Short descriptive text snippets
# # # # #
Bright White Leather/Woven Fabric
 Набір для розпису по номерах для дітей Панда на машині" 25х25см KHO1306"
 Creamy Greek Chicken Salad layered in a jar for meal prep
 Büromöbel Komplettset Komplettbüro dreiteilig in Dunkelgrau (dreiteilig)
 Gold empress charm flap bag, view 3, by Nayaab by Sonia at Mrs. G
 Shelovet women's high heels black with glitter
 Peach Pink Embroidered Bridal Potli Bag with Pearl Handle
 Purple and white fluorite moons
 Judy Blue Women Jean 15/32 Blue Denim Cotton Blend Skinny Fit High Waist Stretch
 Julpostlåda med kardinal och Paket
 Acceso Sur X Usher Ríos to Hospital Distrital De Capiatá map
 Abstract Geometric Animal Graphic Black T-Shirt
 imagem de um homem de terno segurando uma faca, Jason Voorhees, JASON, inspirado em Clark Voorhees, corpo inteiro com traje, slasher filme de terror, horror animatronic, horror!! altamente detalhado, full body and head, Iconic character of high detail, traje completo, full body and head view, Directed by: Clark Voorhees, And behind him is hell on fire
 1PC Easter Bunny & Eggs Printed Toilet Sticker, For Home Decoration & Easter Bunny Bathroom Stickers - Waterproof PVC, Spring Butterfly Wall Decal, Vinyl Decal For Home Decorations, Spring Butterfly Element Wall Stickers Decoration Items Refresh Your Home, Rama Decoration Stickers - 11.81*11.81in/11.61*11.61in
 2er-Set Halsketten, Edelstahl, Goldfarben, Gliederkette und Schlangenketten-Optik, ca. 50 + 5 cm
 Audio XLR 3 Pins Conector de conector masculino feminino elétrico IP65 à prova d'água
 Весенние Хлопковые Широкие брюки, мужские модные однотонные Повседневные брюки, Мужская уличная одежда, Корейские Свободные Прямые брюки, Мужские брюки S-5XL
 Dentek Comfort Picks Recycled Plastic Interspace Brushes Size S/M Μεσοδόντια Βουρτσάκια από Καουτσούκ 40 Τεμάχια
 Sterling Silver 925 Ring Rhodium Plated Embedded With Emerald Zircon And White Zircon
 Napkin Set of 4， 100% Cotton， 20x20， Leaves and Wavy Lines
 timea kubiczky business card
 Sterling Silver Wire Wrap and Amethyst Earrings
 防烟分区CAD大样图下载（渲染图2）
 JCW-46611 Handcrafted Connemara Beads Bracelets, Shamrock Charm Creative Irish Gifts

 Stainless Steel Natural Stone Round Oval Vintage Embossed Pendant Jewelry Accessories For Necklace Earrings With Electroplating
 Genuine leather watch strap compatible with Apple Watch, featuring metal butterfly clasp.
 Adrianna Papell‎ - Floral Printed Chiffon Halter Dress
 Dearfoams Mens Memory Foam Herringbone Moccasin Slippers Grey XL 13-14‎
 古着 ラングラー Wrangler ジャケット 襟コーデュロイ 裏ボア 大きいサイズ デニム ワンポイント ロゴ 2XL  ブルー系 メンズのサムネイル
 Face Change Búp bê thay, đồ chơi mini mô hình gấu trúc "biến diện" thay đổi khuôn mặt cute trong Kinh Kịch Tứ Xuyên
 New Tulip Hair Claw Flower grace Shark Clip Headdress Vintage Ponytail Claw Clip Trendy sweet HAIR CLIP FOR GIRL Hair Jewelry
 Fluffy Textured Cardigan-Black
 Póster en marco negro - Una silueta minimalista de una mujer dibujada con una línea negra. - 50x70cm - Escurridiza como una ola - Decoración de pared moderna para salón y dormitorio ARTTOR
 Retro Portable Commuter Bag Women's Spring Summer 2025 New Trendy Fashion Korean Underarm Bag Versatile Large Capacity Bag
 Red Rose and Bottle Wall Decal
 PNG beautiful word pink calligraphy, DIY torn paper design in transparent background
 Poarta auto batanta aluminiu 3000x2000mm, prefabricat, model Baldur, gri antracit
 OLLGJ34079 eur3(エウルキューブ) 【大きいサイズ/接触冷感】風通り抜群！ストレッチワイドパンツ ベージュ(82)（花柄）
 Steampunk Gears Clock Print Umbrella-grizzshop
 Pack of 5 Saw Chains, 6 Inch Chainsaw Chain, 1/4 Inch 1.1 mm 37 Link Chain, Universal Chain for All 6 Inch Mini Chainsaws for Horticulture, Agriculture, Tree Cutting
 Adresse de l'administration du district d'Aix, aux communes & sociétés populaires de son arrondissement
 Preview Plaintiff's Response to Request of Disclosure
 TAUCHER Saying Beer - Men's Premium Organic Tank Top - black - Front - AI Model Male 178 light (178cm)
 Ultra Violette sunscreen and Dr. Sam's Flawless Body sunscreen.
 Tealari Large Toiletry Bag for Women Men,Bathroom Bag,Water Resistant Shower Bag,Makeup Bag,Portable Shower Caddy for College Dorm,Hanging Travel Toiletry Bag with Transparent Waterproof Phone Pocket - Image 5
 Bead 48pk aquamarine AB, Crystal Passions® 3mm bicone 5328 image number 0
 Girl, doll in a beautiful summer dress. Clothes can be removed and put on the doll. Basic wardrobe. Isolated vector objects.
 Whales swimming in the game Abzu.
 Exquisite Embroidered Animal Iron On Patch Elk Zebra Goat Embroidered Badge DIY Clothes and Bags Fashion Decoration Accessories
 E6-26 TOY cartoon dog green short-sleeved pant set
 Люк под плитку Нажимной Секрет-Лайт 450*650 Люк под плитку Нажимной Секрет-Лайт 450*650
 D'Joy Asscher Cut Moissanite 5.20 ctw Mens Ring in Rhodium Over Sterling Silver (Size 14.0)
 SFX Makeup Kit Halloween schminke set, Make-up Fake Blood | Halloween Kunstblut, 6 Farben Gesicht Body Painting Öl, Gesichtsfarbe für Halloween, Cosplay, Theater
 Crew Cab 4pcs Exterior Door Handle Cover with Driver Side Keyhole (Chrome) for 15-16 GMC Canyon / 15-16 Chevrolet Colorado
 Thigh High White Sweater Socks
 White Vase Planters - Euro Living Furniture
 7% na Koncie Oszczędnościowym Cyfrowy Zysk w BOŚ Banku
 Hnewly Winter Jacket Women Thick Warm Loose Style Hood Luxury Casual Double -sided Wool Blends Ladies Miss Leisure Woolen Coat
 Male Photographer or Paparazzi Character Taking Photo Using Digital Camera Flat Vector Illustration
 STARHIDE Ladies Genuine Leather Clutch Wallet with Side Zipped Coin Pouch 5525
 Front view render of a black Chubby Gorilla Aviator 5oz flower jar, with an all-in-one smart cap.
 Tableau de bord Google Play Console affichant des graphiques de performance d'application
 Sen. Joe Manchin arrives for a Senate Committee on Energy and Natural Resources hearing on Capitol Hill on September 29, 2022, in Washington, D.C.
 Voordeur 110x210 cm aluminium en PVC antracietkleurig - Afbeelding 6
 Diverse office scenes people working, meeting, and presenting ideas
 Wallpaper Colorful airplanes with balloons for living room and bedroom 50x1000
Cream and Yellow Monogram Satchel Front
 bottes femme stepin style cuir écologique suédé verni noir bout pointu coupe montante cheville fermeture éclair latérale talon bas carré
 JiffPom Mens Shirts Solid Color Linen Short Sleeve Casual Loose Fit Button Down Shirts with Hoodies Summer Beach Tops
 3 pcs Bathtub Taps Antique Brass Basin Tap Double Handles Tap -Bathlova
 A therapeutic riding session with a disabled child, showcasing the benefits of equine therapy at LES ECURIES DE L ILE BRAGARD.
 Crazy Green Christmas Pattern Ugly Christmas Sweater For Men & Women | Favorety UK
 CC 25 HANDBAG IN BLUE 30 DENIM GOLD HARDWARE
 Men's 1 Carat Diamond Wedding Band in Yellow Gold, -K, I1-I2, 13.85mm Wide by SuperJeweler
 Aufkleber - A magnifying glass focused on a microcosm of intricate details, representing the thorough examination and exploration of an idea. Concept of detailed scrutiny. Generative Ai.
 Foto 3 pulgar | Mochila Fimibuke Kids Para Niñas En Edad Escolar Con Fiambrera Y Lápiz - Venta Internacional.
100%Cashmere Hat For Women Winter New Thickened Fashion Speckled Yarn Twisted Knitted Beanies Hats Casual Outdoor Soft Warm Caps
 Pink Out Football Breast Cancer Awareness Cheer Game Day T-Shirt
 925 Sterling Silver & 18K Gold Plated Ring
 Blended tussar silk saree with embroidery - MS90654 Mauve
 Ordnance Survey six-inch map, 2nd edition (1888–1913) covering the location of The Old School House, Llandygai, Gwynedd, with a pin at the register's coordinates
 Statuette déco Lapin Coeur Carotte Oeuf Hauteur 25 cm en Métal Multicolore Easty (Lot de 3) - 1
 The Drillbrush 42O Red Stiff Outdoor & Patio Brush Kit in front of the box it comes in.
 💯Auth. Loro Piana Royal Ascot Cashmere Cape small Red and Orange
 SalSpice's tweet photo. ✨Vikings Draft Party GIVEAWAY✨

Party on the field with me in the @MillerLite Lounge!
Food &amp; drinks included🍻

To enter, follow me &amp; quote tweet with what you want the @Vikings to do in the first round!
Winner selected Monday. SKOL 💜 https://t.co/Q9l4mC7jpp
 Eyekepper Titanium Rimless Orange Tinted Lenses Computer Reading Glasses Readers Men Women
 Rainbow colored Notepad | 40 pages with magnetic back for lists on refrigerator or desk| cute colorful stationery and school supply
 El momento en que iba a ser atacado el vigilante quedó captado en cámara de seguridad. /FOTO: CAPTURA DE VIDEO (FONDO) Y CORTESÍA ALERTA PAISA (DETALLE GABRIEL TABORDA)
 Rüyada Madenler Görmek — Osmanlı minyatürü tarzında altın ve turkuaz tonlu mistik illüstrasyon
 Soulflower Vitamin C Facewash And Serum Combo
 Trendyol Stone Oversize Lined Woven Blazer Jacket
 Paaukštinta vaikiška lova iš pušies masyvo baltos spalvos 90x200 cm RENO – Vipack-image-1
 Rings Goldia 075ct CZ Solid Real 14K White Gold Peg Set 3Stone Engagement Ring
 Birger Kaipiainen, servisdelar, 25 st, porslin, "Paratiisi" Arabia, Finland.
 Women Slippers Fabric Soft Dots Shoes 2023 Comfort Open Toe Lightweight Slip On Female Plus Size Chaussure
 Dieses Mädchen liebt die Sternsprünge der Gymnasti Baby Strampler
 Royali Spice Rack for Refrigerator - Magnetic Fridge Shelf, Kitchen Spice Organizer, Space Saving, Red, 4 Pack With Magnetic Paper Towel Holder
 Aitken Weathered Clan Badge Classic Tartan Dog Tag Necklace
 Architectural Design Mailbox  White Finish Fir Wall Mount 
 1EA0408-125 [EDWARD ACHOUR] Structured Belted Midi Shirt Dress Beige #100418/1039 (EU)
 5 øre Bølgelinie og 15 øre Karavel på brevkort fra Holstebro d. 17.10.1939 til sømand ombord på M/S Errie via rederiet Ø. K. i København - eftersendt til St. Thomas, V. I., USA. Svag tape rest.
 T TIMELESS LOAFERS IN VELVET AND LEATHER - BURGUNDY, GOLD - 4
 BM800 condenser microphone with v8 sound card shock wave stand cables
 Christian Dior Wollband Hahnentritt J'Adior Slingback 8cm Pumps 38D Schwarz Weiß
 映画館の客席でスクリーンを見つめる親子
# # # # #
■ HOW TO COMPLETE THIS TASK: Whenever a line above includes the string "Necklace", copy it.

■ YOUR SOLUTION:
 Stainless Steel Natural Stone Round Oval Vintage Embossed Pendant Jewelry Accessories For Necklace Earrings With Electroplating
 Aitken Weathered Clan Badge Classic Tartan Dog Tag Necklace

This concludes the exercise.